Matthew Neenan’s Increasing viscerally represented musical structure of Schubert’s String Quintet in C Major, performed live by alumni from the Curtis Institute of Music. A conversation between the dancers and the music ensued. The dancers actually embodied the notes and sounds of the instruments instead of merely accompanying the music. The dancers’ movements in speed, size, and interactions with others corresponded to the pace, volume, and complexity of the music. If a form of synesthesia exists in which a person perceives moving shapes upon hearing music, this dance might best represent that experience.

Olivier Wevers’s Instantly Bound proved that conceptual dance can be just as political as it is artful. The dance was, in the words of Wevers, “inspired by loss — but also the birth of accidental community formed by the people who have been touched by such tragedy.” The tragedy in this case was gun violence, a particularly poignant theme given the times.

The dance communicated the urgency, agony, and confusion of an event, its immediate impact, and its aftermath through choreography filled with creative weight-bearing in which dancers would lift, push, and find themselves entangled with one another as they moved in and out of shadows cast by a single spotlight. This partner work, along with repeated gestures like holding hands to foreheads and biting wrists, emphasized physical and emotional actions and reactions. Throughout much of the dance, most of the dancers stood still, gathered around the moving dancers in reverie, introspection, or perhaps shock.

The world premiere of Jorma Elo’s Gran Partita capped things off with a playful, organic piece that solidified Ballet X’s ability to stretch its gracefully athletic limbs (both literally and figuratively) in the creation of fresh movement. This piece was unpredictable, as the lighting, emotional register, and music shifted frequently. The choreography incorporated exercises from yoga, as the dancers held backbends, planks, and warrior poses, and even movement from what looked to be cheerleading: The dancers tossed one another in the air with abandon. Through the piece, the dancers demonstrated obvious chemistry in the ways their bodies activated the space and one another.

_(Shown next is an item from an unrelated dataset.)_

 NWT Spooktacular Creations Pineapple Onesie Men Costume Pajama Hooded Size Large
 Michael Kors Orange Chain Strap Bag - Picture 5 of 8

The pieces exhibited in Fall Series made it clear that the dances by Ballet X are not products so much as they are evidence of direct engagement with the process of creative discovery. The pieces are rough around the edges, daring, spirited, and so much fun. Movements are not bound to the laws of classical ballet, but the dancers and choreographers are well enough versed in classical vocabulary to skillfully dismantle and rearrange the steps and postures.

Here, the dancing looks beautiful but not effortless. You can hear the thuds when the dancers land leaps and jumps. The female dancers don’t wear pointe shoes and don’t pin their hair in top buns. No one is afraid if moves or expressions are a little weird. The resulting ballet is not pretentious, uptight, or otherworldly, but rather as lively as the real people making it possible.